=== WORK INSTRUCTIONS ===
Set down, word for word, each line from the top of the data through the line that has "KL57_23112016_AWARDS"; omit every picture.

=== DATA FOR THIS EXERCISE ===
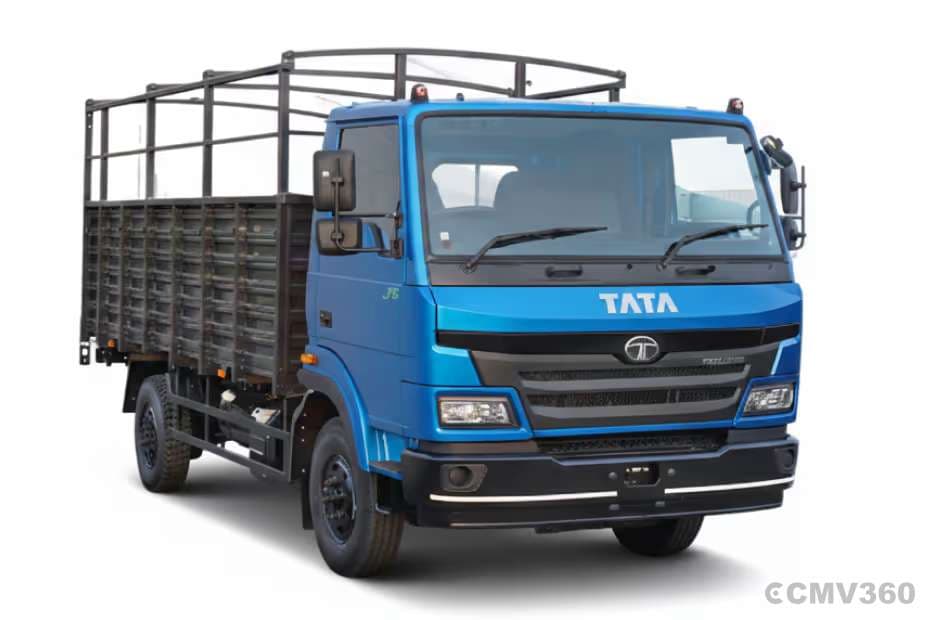 Tata AZURA 710 Right Front Three Quarter Tata AZURA 710 Right Front Three Quarter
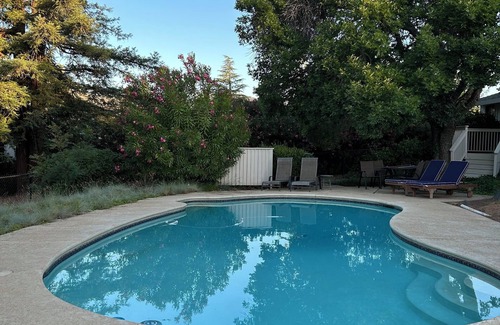 Redding Casa | 3-bedroom house in peaceful Redding with pool and AC. Enjoy your stay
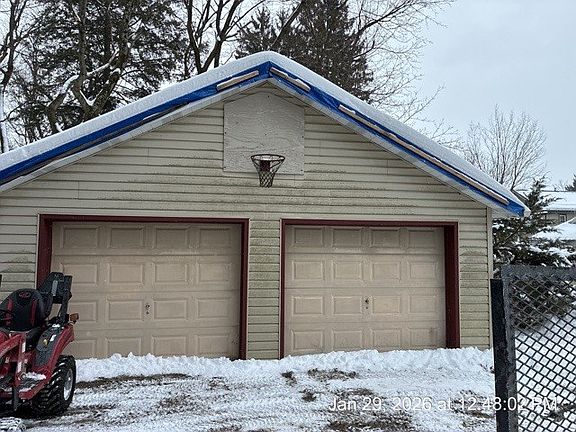 5th image of 803 Liberty St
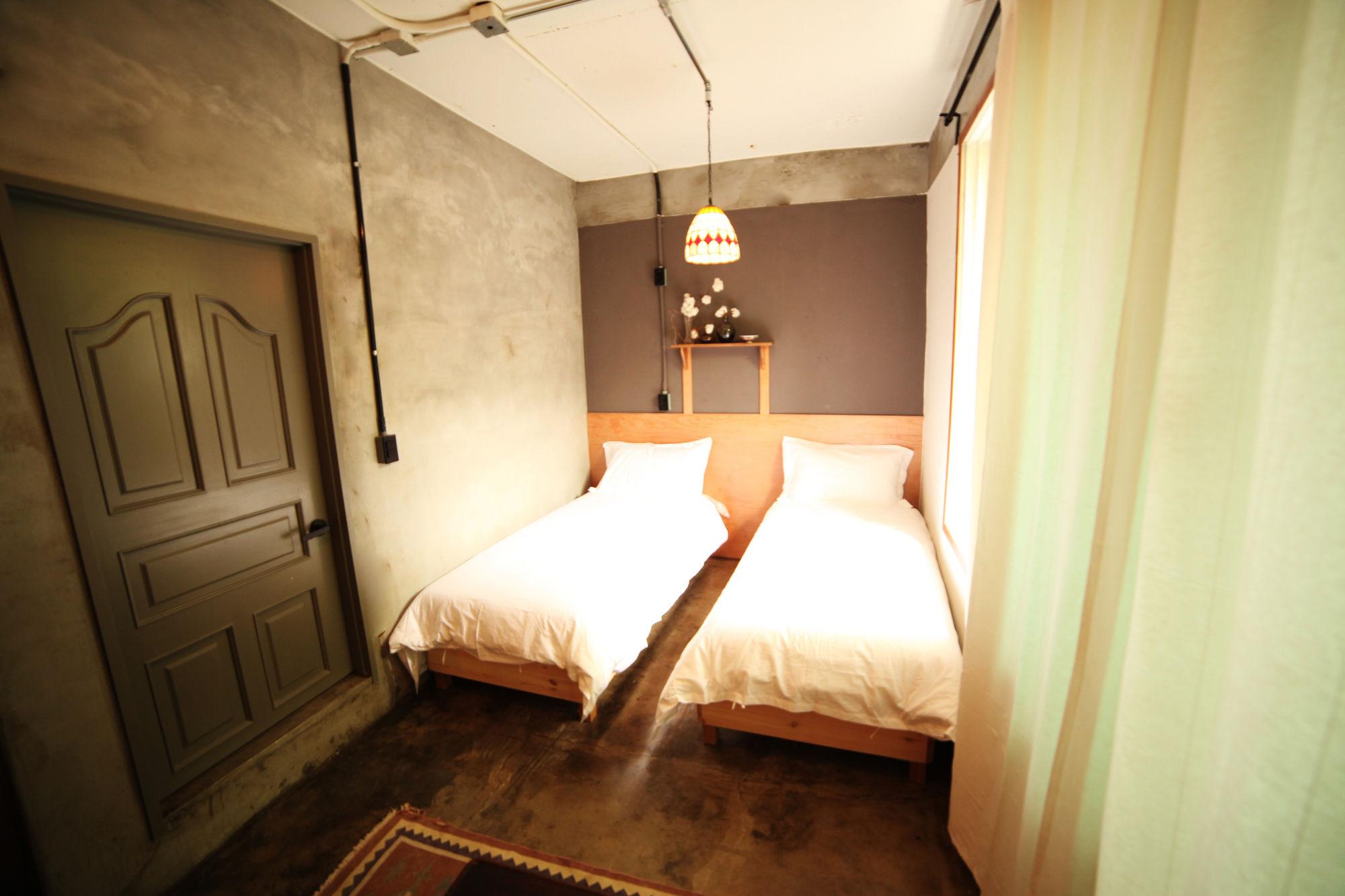 Hongdae Guesthouse Pajamaparty Seoul Eksteriør bilde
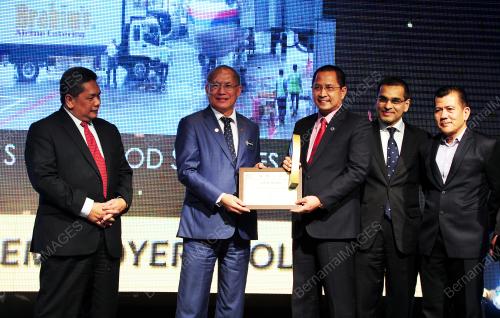 KL57_23112016_AWARDS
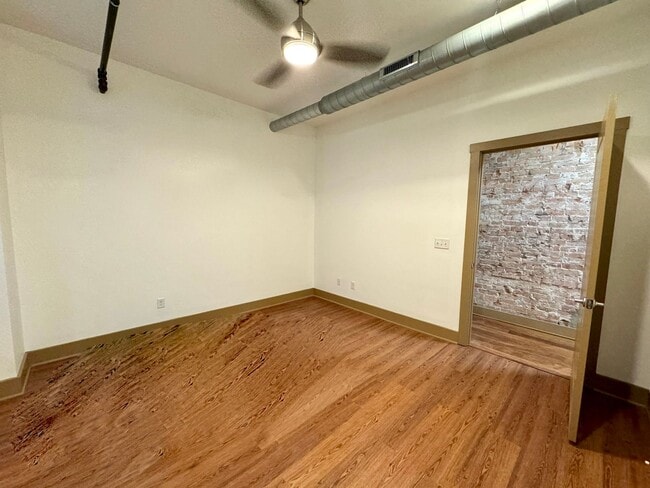 Building Photo - 641 Walnut St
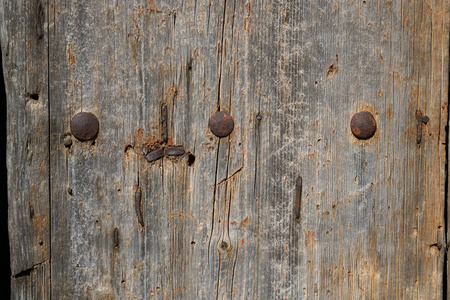 有钉子的旧木门的细节图片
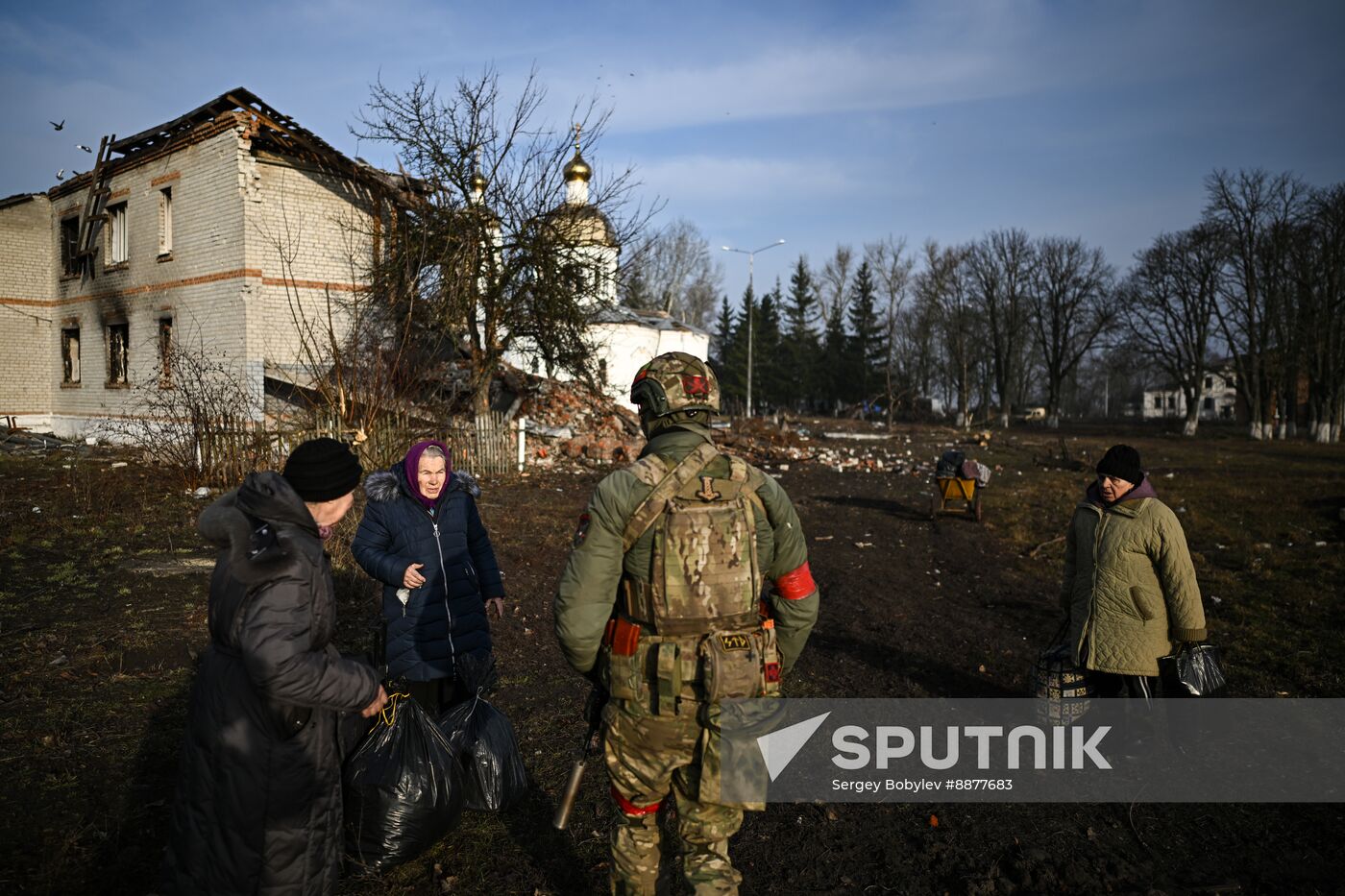 Russia Ukraine Kursk Attack Sudzha Evacuees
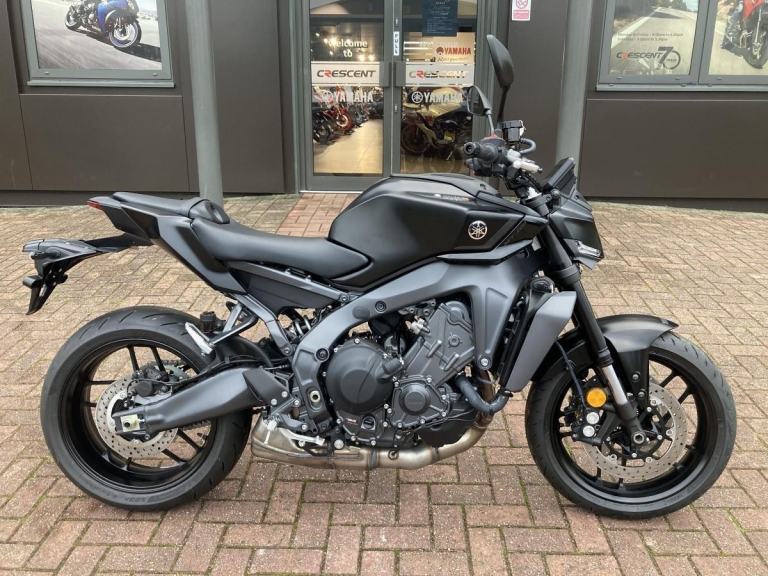 YAMAHA MT-09 - TECH BLACK - BRAND NEW - SAVE OVER 800 AT CRESCENT YAMAHA!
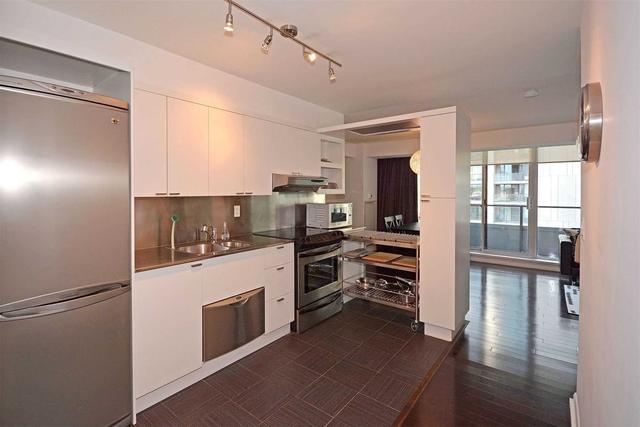 733 - 111 Elizabeth St, Condo with 2 bedrooms, 2 bathrooms and 1 parking in Toronto ON | Image 2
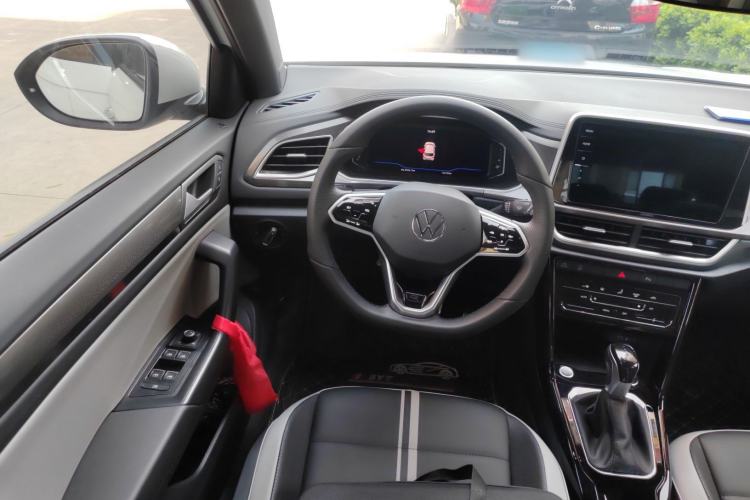 Used Volkswagen T-ROC 2024 300TSI DSG Two-Wheel-Drive Chen Guang Edition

=== TASK OUTPUT ===
 Tata AZURA 710 Right Front Three Quarter Tata AZURA 710 Right Front Three Quarter
 Redding Casa | 3-bedroom house in peaceful Redding with pool and AC. Enjoy your stay
 5th image of 803 Liberty St
 Hongdae Guesthouse Pajamaparty Seoul Eksteriør bilde
 KL57_23112016_AWARDS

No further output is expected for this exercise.